INPUT DATA:
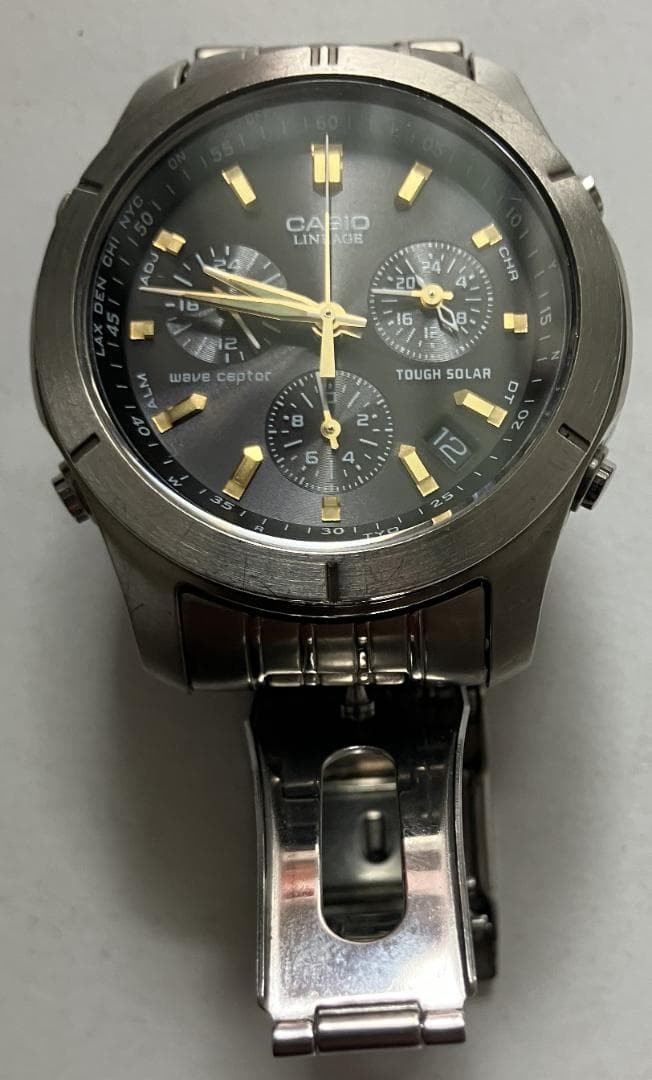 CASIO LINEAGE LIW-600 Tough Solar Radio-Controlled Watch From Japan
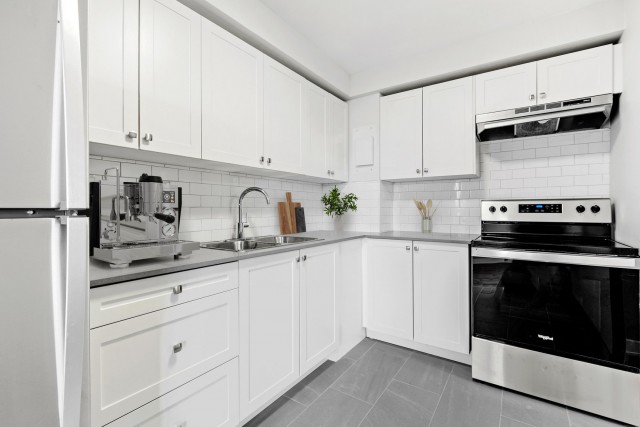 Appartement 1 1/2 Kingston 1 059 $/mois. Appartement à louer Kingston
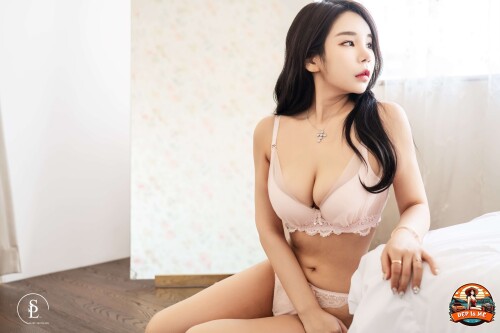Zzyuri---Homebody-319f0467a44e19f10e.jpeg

WHAT YOU SHOULD DO:
Reproduce word for word the lines from the one containing "Appartement 1 1/2" through the end of the data, both ends kept. Drop the pictures.

ANSWER SPACE:
 Appartement 1 1/2 Kingston 1 059 $/mois. Appartement à louer Kingston
Zzyuri---Homebody-319f0467a44e19f10e.jpeg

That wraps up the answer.